Por isso Girard costuma ser um autor preferido entre os teólogos liberais. Se o sacrifício de Cristo não foi algo necessário e deliberado, da parte de Deus, para nos livrar de nossos pecados, mas apenas a exposição máxima do mal humano para que nós mesmos pudéssemos nos despojar dele, isso significa que nosso mal não é tão grande: o processo de conversão se limitaria à transformação advinda da contemplação de nosso próprio mal, uma experiência interior, tal como o maravilhamento diante de uma obra de arte. Isso torna a conversão algo puramente humano: se compreendo meu mal, posso abandoná-lo. E, ao situar a questão do mal tão na superfície, tornando o "novo nascimento" algo mais mental e simbólico que espiritual, Girard erra o alvo (uma das definições da palavra grega para pecado, hamartia): nascer de novo passa a ser um fenômeno gnóstico, abstrato, ligado sobretudo à mente e às impressões, e não um verdadeiro novo nascimento, completo, definitivo. Esse é um entendimento que deixa de lado o aspecto fundamentalmente relacional e transcendente da conversão, que não ocorre em um sistema humano fechado, entre as paredes de uma subjetividade soberana, mas sim na entrega sem restrições de um corpo morto para que renasça em Cristo. Assim, reconheço o tamanho e a profundidade do meu mal na medida em que aceito que, para que eu reviva, um justo precisa morrer em meu lugar, e que, sim, esse justo é o próprio Deus em um sacrifício voluntário. Essa é a gigantesca dimensão do meu mal - e os cristãos verdadeiros não adoçam sua situação; não a negociam jamais.

09 junho 2008

Um sonho de conversão


Sonhei uma vez, há pouco mais de dez anos, que estava com minha família em uma autêntica “farofa” na praia, ou seja, um almoço em frente ao que me pareceu o mar plácido e convidativo de Araruama. Mesas postas, comida pronta, o único elemento destoante sob o sol era uma assustadora carcaça de ônibus levada de lá para cá pelas ondas, ameaçando invadir o local onde estávamos. O que de fato acabou acontecendo: tomado por uma onda mais forte, o ônibus ganhou impulso e esmagou um homem, que corremos para resgatar e levar ao hospital. Lembro-me de ter sido poupada por um triz do esmagamento, porque corri em direção a meu pai que estava em um lugar mais alto na areia. A cena seguinte e última do sonho era a do hospital, onde o homem era internado e nós íamos para casa.

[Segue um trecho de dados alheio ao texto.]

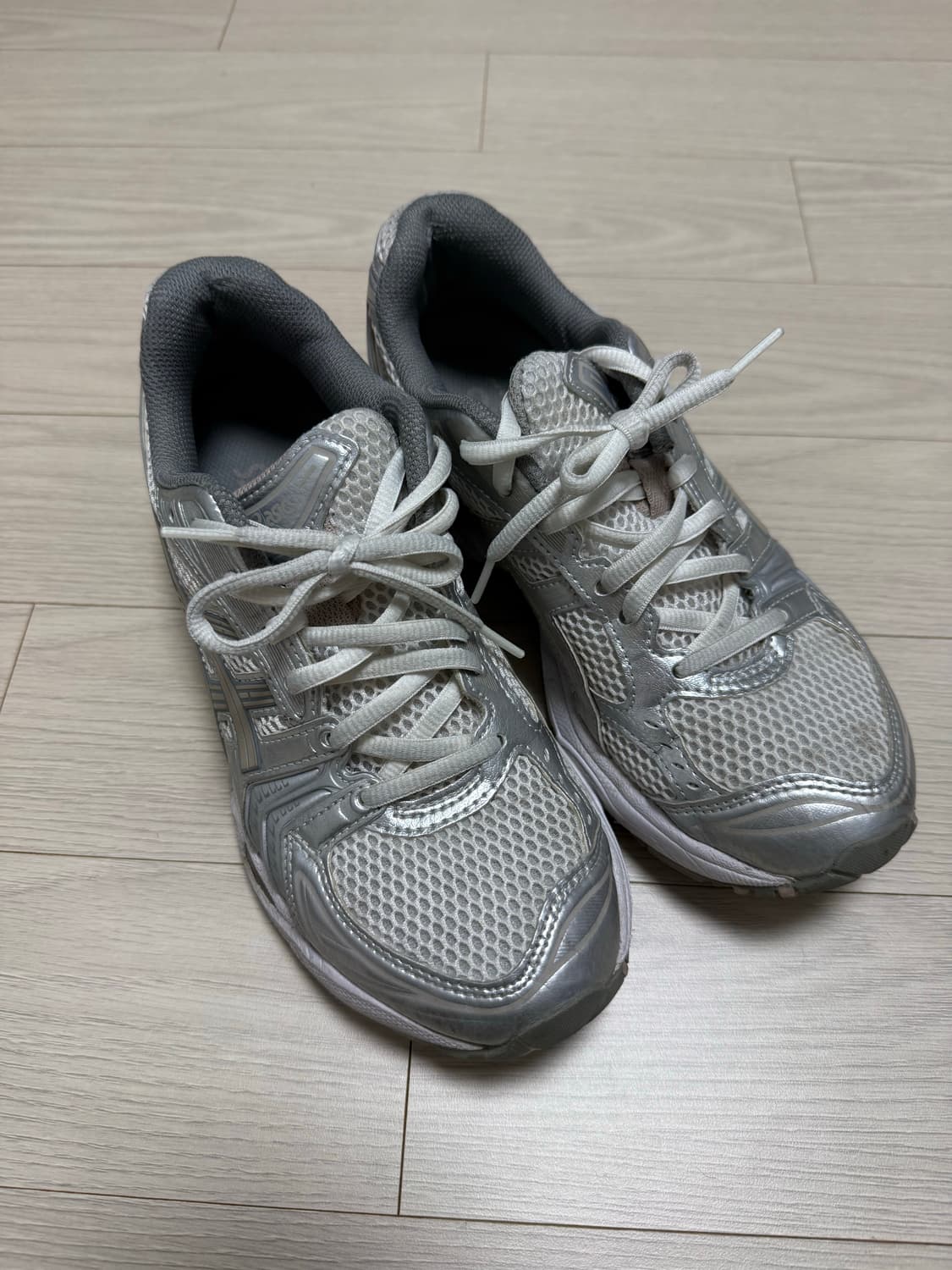  아식스 GEL 스니커즈 실버 / 245 상품이미지1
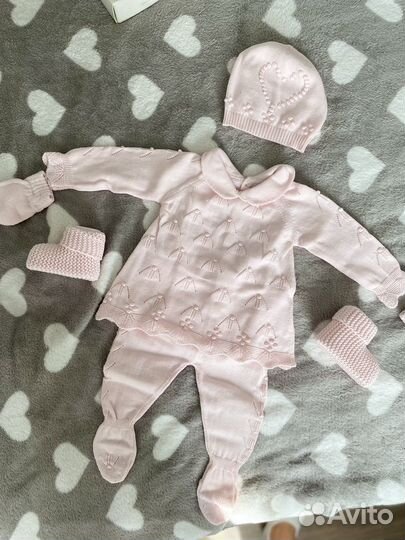 Комплект на выписку для новорожденных новый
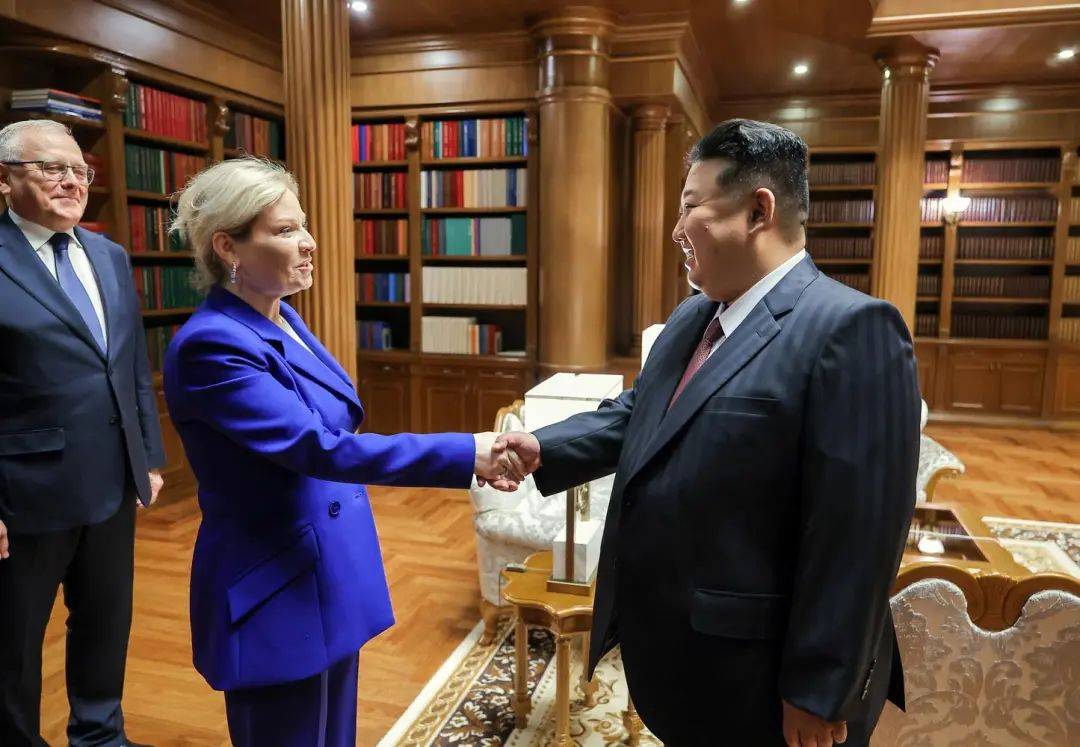 金正恩会见俄文化部长<strong></p>
<p>IPFS交易所</strong>，一起观看俄、朝文艺工作者公演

Quando me converti, alguns meses depois, impressionei-me muito com o significado cristalino dos elementos do sonho: a carcaça de ônibus simbolizava os caminhos humanos errantes, que terminavam por nos esmagar, dos quais eu só havia escapado por ter corrido para Deus – “meu pai em um lugar mais alto”.

Impressionou-me mais ainda, porém, descobrir justamente na igreja em que me batizei um canto com semelhanças muito evidentes com o que, no meu sonho, havia sido o hospital. O conjunto não poderia ser mais auto-explicativo. Assim, embora não dê importância demais à grande maioria de meus sonhos, recebi esse em particular como um presente de Deus.